**Information given**

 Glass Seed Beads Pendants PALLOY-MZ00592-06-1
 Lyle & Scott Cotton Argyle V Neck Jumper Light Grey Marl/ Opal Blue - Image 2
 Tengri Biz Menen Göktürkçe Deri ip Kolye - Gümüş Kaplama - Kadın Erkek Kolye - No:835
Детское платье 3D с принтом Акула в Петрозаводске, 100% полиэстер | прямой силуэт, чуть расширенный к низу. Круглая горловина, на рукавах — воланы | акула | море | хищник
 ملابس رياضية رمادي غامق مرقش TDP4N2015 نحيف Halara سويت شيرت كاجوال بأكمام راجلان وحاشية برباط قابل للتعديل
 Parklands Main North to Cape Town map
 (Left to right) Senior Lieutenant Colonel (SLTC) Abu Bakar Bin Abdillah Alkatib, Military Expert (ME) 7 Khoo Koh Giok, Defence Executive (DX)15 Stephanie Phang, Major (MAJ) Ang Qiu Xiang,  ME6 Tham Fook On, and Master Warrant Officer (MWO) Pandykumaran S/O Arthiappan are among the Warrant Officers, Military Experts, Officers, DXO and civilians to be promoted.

==

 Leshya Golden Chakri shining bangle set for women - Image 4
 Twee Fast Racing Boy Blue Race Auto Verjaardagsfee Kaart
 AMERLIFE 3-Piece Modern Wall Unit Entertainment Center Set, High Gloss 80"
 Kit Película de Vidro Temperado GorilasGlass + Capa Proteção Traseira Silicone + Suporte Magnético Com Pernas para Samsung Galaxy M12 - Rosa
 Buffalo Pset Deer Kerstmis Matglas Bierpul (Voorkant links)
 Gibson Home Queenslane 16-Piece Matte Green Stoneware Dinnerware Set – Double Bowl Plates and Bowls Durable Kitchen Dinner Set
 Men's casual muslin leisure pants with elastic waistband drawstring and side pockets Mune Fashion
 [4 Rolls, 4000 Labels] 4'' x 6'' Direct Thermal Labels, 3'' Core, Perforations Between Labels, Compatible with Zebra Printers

---

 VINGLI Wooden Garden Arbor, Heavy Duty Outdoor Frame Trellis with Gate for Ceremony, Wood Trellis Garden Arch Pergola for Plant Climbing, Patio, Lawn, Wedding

**Problem details**
Taking the entries above, print exactly the lines starting at the line with "Tengri Biz Menen" and ending at the line with "Детское платье 3D", both included.

**Result of this exercise**
 Tengri Biz Menen Göktürkçe Deri ip Kolye - Gümüş Kaplama - Kadın Erkek Kolye - No:835
Детское платье 3D с принтом Акула в Петрозаводске, 100% полиэстер | прямой силуэт, чуть расширенный к низу. Круглая горловина, на рукавах — воланы | акула | море | хищник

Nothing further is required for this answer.